Industrial glass is produced at temperatures above 600°C, where glass becomes a highly viscous incompressible fluid, usually considered as Newtonian. In the production two phases may be distinguished, namely the pressing phase and the blowing phase. This study will be concerned with glass flow in the pressing phase, which is called thus because a blob of fluid glass (called a gob) is pressed in a mould by a plunger, such that the glass flows between mould and plunger, in order to obtain the preform of a bottle or jar, called a parison. In the blowing phase (not considered here) the parison is subsequently blown into the final shape of the product. By application of the slender geometry of mould and plunger and a cylindrical symmetry, a form of Reynolds’s lubrication flow equations is obtained. These equations are solved by utilizing the incompressibility of the glass, by which the flux at any axial cross section is determined for prescribed plunger velocity, leading to analytical results in closed form for velocity field and pressure gradient. The glass level is implicitly defined by the integral over the varying volume which is to remain constant. The pressure may then be determined by integration. Special attention is given to the required boundary conditions.
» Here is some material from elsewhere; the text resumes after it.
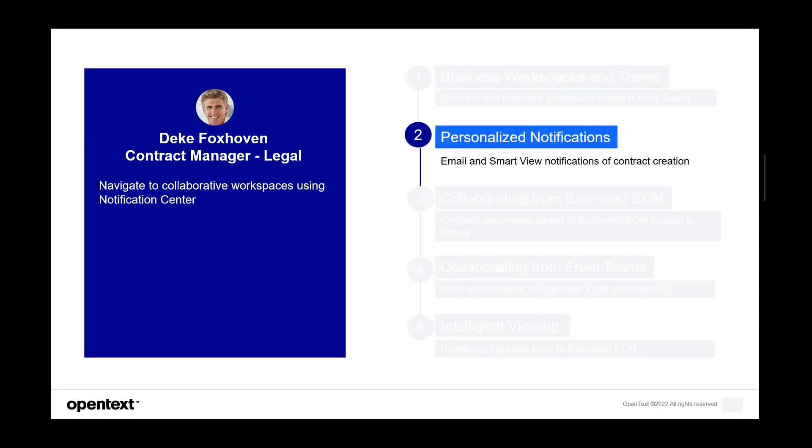We'll switch to Deke. Deke works with Bob Davis. He's a contract manager in the legal department for Innovate Paving. He likes to work primarily in Extended ECM, so we will highlight how he collaborates with Bob from Extended ECM.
It is known that, depending on several problem parameters like temperature, pressure, and smoothness of the wall, the glass flow slips, to some extent, along the wall. Therefore, this study includes a general formulation of the boundary condition of partial slip in the form of a linear relation between shear stress and slip velocity, also known as Navier’s slip condition. The coefficient of this relation, a positive number, may vary in our solution with axial position, but depends on the problem and is to be obtained from (for example) experiment. Two special cases, which seem to be relevant in practice, are considered as examples: (i) no slip on both plunger and mould; (ii) no slip on the mould and full slip (zero friction) on the plunger. The results are compared with fully numerical (FEM) solutions of a Stokes-flow model, and the agreement is good or excellent. Since in any practical situation it is not the plunger velocity which is prescribed, but (within practical limits) the force applied by the plunger, the problem of a prescribed plunger force has also been investigated.